Segundo Vespúcio, os índios não têm economia porque "não têm bens de propriedade;
porém tudo lhes é comum" e "não há entre eles comerciantes nem
comércio"; não têm política porque "vivem juntos sem rei nem império,
e cada qual é senhor de si". não têm religião nem justiça porque "não
possuem templos nem leis, nem são idólatras"; não têm propriamente
exércitos ou generais porque "guerreiam-se entre si, sem arte nem
ordem"; e, para suprema desordem, não têm família nem casamento porque
"tomam tantas mulheres quantas querem, e o filho se junta com a mãe, e o
irmão com irmã, e o primo com a prima, e o caminhante com a que encontra. Basta
a vontade para matrimoniarem, no que não observam ordem alguma".

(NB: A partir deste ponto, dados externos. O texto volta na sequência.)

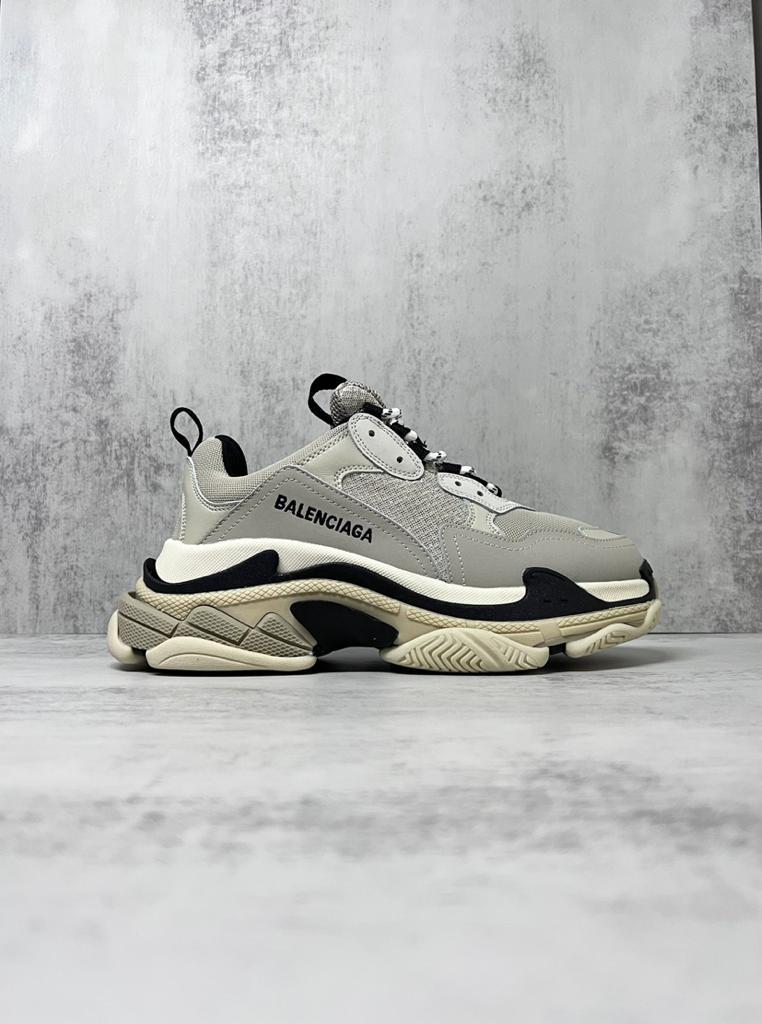 Balenciaga Triple S Beige - vstockx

Essa visão revela, antes de qualquer coisa, uma profunda
incompreensão dos europeus em relação às sociedades indígenas. Ao contrário do
que diz Vespúcio, elas tinham, sim, uma ordem, mas completamente diferente
daquela que se conhecia nas sociedades europeias do período. [...] O português
Pero de Magalhães Gandavo, sintetizou bem o que os europeus pensavam sobre as
sociedades indígenas. Disse ele que na língua tupi não havia as letras F, L e R
e disso concluiu que era "coisa digna de espanto porque assim não tem Fé,
nem Lei, nem Rei, e desta maneira vivem desordenadamente sem terem além disso
conta, nem peso nem medida". [...] Mas o francês Jean de Léry, que esteve
no Brasil em 1557, ficou admirado com a disciplina em meio à aparente desordem,
ao dizer que os índios "não observam ordem de marcha, nem categoria; os
mais valentes, porém, vão na frente e marcham juntos, parecendo incrível que
tanta gente se possa acomodar espontaneamente e se erguer ao primeiro sinal
para uma nova marcha".
O jesuíta Manuel da Nóbrega escreveu que entre os índios
"os que são amigos vivem em grande concórdia entre si e amam-se muito
[...]. Se um deles mata um peixe, todos comem dele; e o mesmo de qualquer
animal de caça". [...]
Os portugueses perceberam, portanto, que as sociedades
indígenas eram igualitárias: dividiam alimentos entre si, desconheciam a
propriedade privada. Assim, livres da ganância, não brigavam por riquezas. Por
esse motivo, não precisavam de Estado ou governo. Se tinham chefes -
"principais" -, a eles obedeciam por vontade própria, não por
obrigação.
Todavia, essas qualidades aparentemente positivas não
entusiasmaram os portugueses. Pois, se o igualitarismo era, em princípio, uma
coisa boa, a falta de autoridade que disso decorria era condenada como um
defeito muito grave. Por exemplo, os índios "têm muitas mulheres",
escreveu Nóbrega. Por isso, Fernão Cardim, também jesuíta, ficou em dúvida se
havia casamento entre os índios, não só porque aos homens era permitido ter
muitas mulheres, mas também por as "deixarem facilmente por qualquer
arrufo ou desgraça, que entre eles aconteça". Gabriel Soares de Sousa, que
viveu na Bahia no final do século XVI, estranhava, por sua vez, que "os
machos destes tupinambás não são ciosos e, ainda que achem outrem com as
mulheres, não matam ninguém por isso". Em resumo, a união entre homens e
mulheres era instável devido à falta de autoridade dos maridos sobre suas
esposas.
Da mesma forma, os portugueses notaram a inexistência da
autoridade paterna. Os índios, afirma Cardim, "amam os filhos
extraordinariamente [...] e não lhes dão nenhum gênero de castigo [...] [e]
estimam mais fazerem bem aos filhos que a si próprios". [...]
Desse modo, se o marido não exerce sua autoridade sobre a
esposa, e os pais sobre os filhos, não poderia haver ordem familiar, assim como
a ausência de governo provocava a desordem social. Essa era a conclusão dos
portugueses. Passava-se, assim, de uma visão inicial mais simpática para uma
outra, depreciativa e preconceituosa dos índios.
No final do século XVI, os portugueses já tinham feito um
amplo inventário sobre a natureza das sociedades indígenas [...],
KOSHIBA, Luiz. O índio e a
conquista portuguesa. São Paulo: Atual, 2012. p. 7-16.